Al padre Solalinde le debe de tener muy sin cuidado lo que se piense de él. Así se aprecia por la bochornosa quema de incienso al presidente López Obrador, erigido en un singular caso próximo a la santidad. Al padre Solalinde se le asocia con la defensa firme y decidida de los migrantes, marginados que huyen de la pobreza o la violencia. Desde luego que merecen empatía y más de un sacerdote con vocación social. Si ha habido un gobierno represor de los migrantes ha sido el actual. Al padre lo mueven más sus intereses que sus convicciones, o más bien, sus convicciones políticas que su interés por los marginados, para el caso concreto, los migrantes.
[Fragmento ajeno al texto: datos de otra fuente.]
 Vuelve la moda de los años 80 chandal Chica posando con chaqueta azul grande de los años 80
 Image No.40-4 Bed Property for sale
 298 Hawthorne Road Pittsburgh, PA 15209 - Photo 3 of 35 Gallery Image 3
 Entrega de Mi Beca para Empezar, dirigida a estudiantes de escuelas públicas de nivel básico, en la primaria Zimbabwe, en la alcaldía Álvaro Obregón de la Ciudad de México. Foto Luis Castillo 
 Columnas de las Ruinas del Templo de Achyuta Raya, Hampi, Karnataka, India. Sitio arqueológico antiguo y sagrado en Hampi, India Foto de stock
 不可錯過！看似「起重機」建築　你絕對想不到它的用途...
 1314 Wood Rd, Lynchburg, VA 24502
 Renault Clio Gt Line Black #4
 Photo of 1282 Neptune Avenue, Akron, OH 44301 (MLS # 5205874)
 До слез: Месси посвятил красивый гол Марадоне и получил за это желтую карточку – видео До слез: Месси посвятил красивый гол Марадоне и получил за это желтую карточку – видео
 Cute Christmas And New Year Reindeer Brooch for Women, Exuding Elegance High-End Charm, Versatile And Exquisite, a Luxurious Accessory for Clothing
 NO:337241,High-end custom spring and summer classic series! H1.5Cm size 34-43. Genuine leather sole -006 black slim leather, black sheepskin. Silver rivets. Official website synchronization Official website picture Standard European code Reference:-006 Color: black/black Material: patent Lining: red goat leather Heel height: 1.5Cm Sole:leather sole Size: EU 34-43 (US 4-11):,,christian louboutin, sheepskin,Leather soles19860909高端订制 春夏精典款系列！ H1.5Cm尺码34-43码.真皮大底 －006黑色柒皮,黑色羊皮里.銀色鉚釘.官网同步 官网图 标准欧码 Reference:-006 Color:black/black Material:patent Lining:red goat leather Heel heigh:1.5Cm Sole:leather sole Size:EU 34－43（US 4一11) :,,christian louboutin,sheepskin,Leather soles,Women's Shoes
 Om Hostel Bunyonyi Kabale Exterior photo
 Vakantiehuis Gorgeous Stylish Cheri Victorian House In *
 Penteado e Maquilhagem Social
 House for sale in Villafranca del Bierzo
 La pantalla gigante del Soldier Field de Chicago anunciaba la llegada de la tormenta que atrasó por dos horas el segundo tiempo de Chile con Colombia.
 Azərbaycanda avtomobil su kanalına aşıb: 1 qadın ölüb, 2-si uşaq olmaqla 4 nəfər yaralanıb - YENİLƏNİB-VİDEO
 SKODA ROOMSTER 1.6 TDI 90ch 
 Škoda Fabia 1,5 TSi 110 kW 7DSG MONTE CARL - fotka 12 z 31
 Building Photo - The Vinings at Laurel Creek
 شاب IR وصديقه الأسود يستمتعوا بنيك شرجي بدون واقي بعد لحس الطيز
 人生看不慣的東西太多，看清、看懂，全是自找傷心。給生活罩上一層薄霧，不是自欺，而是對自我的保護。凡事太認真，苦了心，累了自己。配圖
Fuera del vergonzoso desliz del cura, está la realidad de Andrés Manuel. Su actitud corresponde más al de un líder religioso que a un líder político. Así lo ven muchos mexicanos. Él así se ha personificado por las recurrentes expresiones religiosas. Pero más que ello es por su sentido de causa que busca la trascendencia moral y espiritual. Se aleja del sentido convencional de la política, lo dice y lo práctica, aunque su obsesión electoral lo contradice.
Las condiciones de éxito del mensaje lopezobradorista están en él y su círculo cercano que le venera, pero también en la sociedad; buena parte de ésta navega en ese mar de creencias sobre el poder y sobre la Presidencia en su versión religiosa, no ciudadana, una instancia de voluntad que todo lo puede, distinta a todo lo existente y próxima a los grandes héroes del Panteón Nacional. Se cree que son personajes de otra pasta, de otra condición, de otro mundo.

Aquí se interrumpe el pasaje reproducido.